Big, huge nerds.
So it should be no surprise to you that we used a day of our vacation to ride the "Route of the Hiawatha" last week. And while I wouldn't call it a workout, I would still call it an awesome adventure.
Here's how it works. You drive to Lookout Pass ski area on the border and buy your $9 ticket. It's another $9 if you're taking the shuttle bus back from the bottom to the parking area. Since we were headed back to Harrison after the bike ride, and you can drive from the end of the trail along the old railroad bed to St. Maries and on to Harrison, we only paid for DJ to take the shuttle bus.
Tickets in hand, you drive into Montana and get off at the Taft exit. Then you drive up about 2 miles to the "East Portal" of the St. Paul Tunnel and park in the parking lot.
Pro tip: the earlier you can get there the better. We arrived at about 11 am and the parking lot was nearly overflowing.
Once you've gotten acquainted with the signage, you head to the tent where they check your ticket and give you the FAQ's.
You'll need to bring your own bike, headlamp (for the tunnels) and helmet. I'd also recommend taking water/ liquid and snacks.
'Cause I'm all about the snacks!
And from there, you're off! First through the mile and a half long Saint Paul Tunnel. In the depths, it's 45 degrees year round. Your headlamp will definitely not seem bright enough at first, and the sides are full of water, but it's really, really a cool deal!

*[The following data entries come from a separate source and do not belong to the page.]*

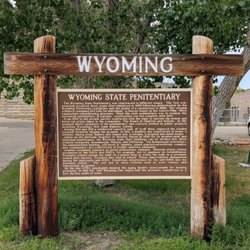 Wyoming State Penitentiary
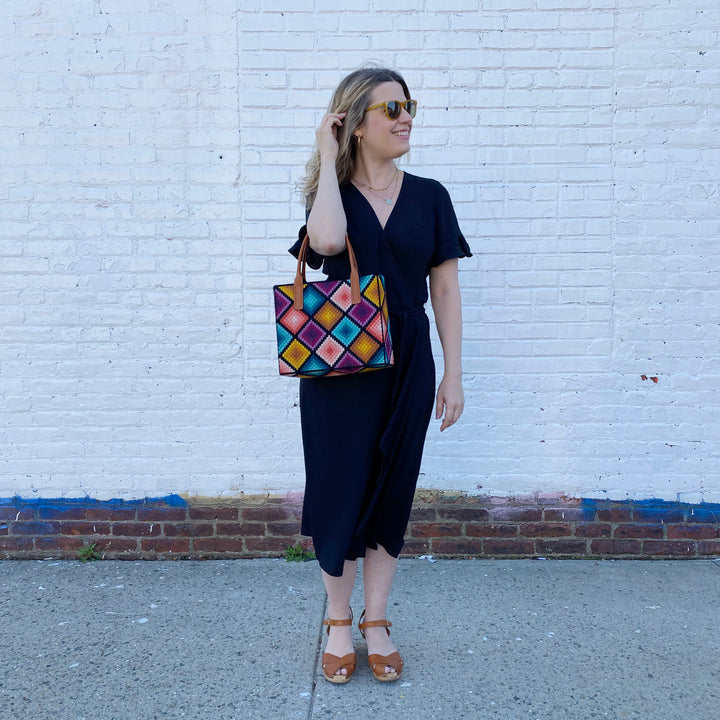 Big Love Bag Digital Pattern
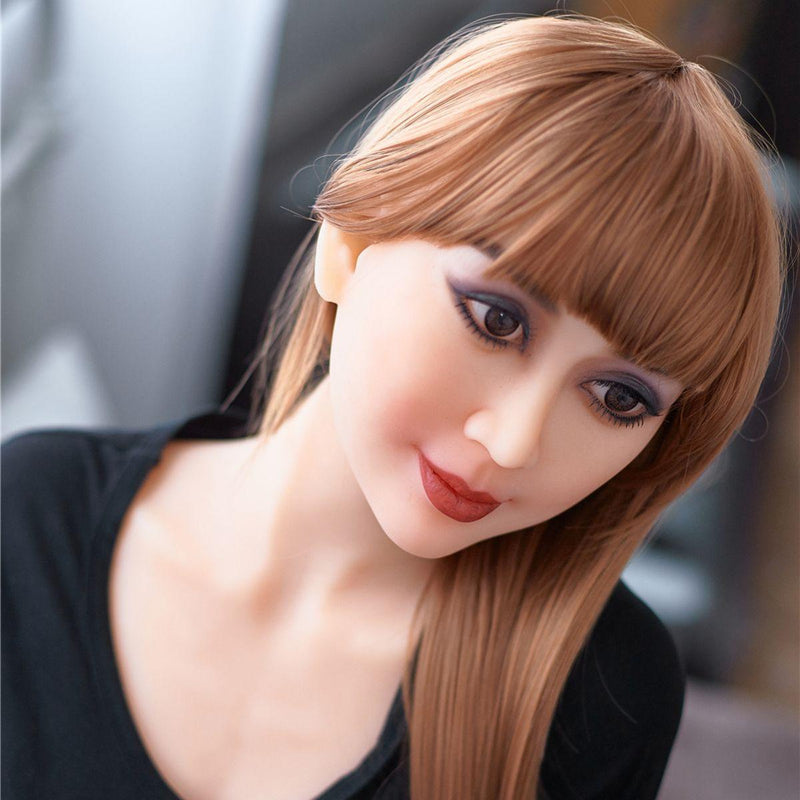 Neodoll Racy Xiu - Realistic Sex Doll - 165cm - White video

The interperative signs at the railroad sidings are really well done.
The route winds in a loop around a long drainage in the upper St. Joe River, so you're able to look down on the trestles you'll ride across below.
The Milwaukee Road was completed about 1910, and went to an all electric railroad between Harlowton, MT and Avery, ID. They were able to draw hydropwer off of Montana Power's new dams on the Missouri River; which of course was another subsidiary company of Standard Oil, along with the Anaconda Company and the Milwaukee Road. Sounds like familiar politics, no?

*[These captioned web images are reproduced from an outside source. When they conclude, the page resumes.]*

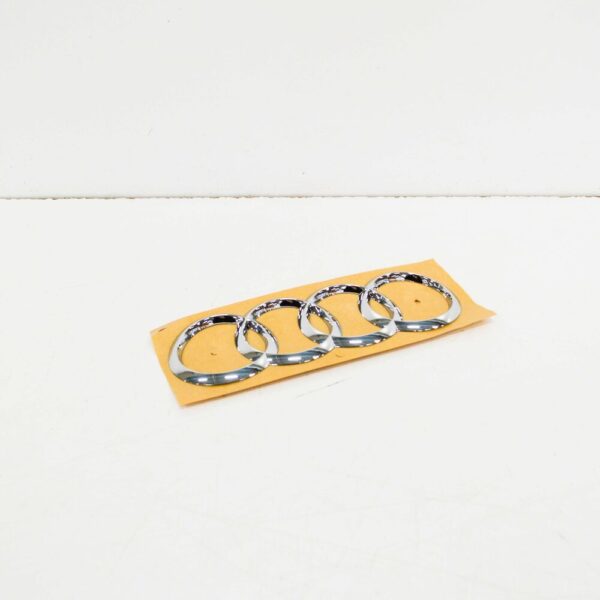 4G8853742A2ZZ - NEW AUDI A7 4G8 REAR EMBLEM LOGO 4G8853742A2ZZ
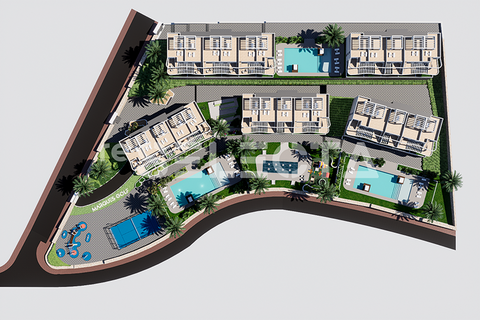Lejlighed i Finestrat, Alicante, Finestrat - € 352.900 | Ref: RS-9882 - foto 24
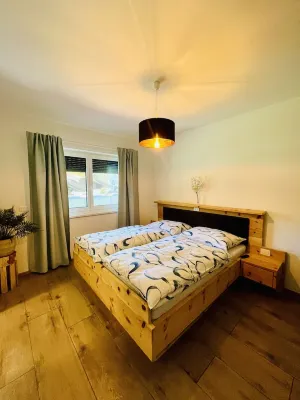 Reizender Bungalow - mit 120qm - in Ruhiger Lage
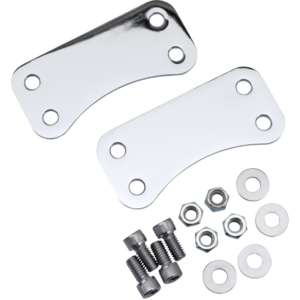 STAFFE RICOLLOCAZIONE PARAFANGO PER TOURING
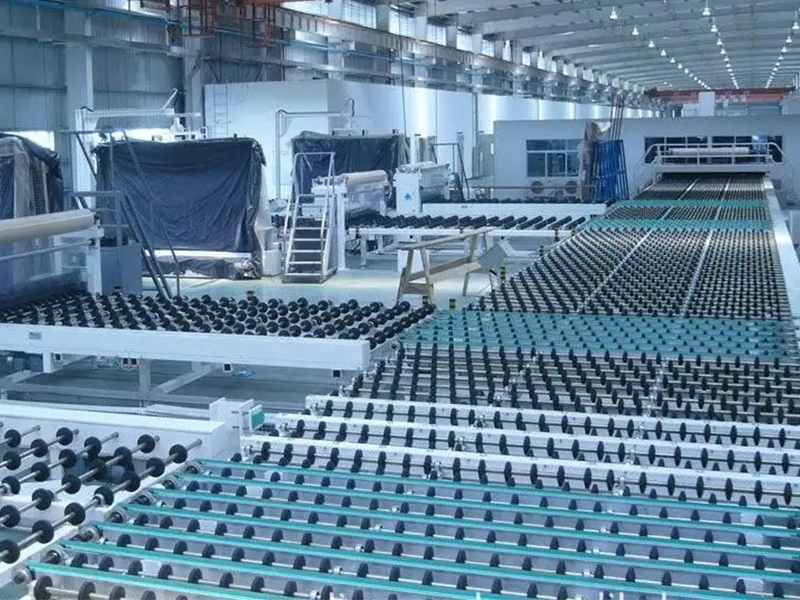 亞瑪頓擬28.96億元投建大尺寸顯示光學貼合生產線一期項目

The ride is pretty much all downhill, though at a gentle 3-5% grade. I could have ridden back up it, but it would have been a grinder under the hot sun.
It's fun to look back up and see where you've been.

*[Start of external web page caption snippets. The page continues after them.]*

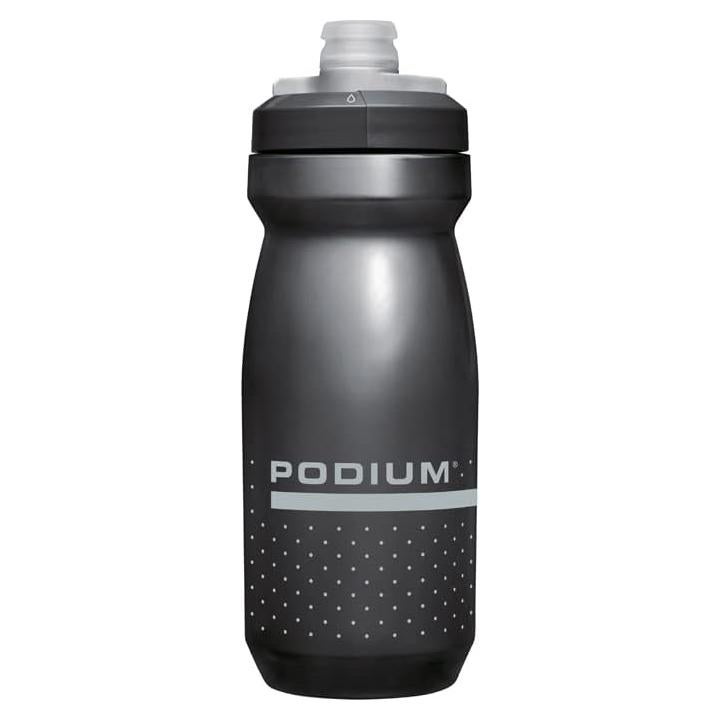 Botella de Hidratación CamelBak Podium 621 ml Negra
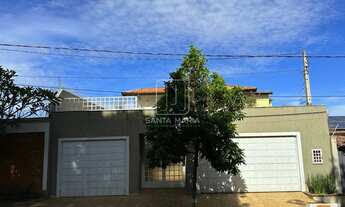 Imagem: Casa (sobrado na rua) 3 dormitórios/suite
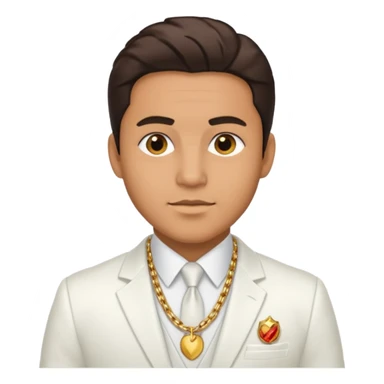 Antonio montana free sticker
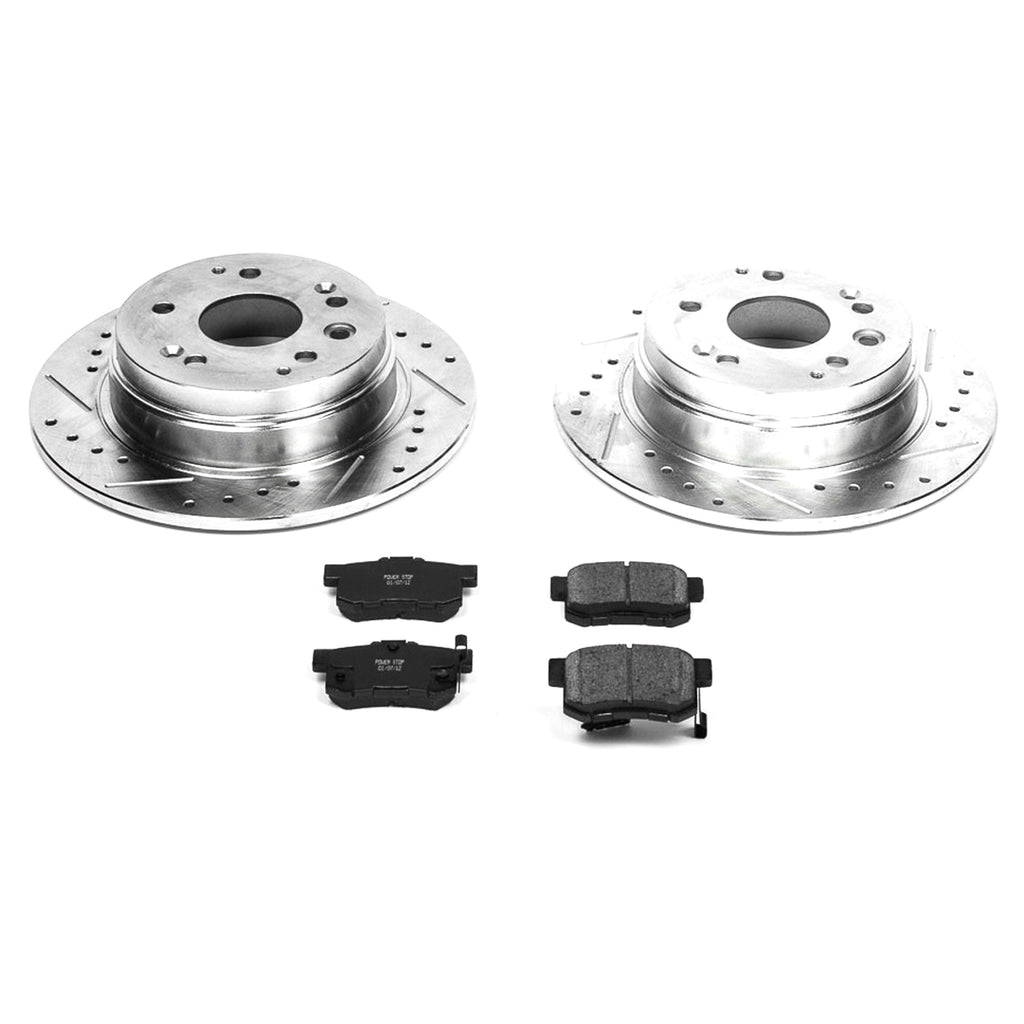 Current Stock|1 CLICK BRAKE KIT W/HDW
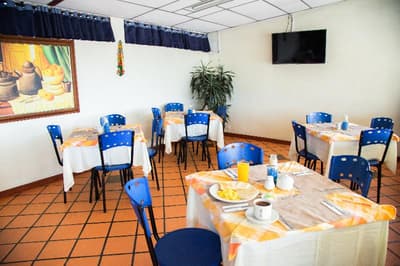 Ayenda 1133 Casa Polty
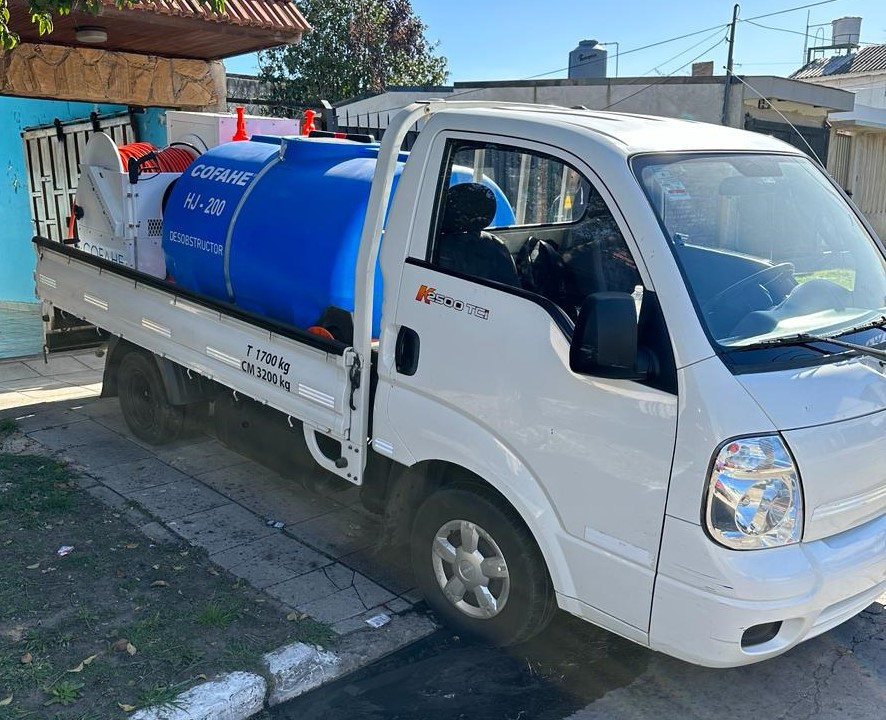 Imagen móvil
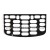 Keypad Overlay Plastic Cover Replacement (Numeric) for Symbol MC70, MC7004, MC7090, MC7094, MC7095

The inside of the tunnels are pretty muddy, so a little splatter is to be expected (note: Dusty's rear end).
The tricky part about tunnels is coordinating turning ON the headlamp and taking OFF the sunglasses.
Overall, the route is a really neat way to bring people into contact with their national forests and history. It sounds like the trail will be extended 30 miles from Taft to St. Regis sometime in the nearish future. Since it's all downhill and they run a shuttle back to the parking lot, one doesn't have to be athletic to use the trail. I'd recommend riding the Route of the Hiawatha for any reasonably fit person who can balance on a bike and operate the brake levers. It's really a fun way to get back into some of the most extraordinarily beautiful, and remote, parts of the US!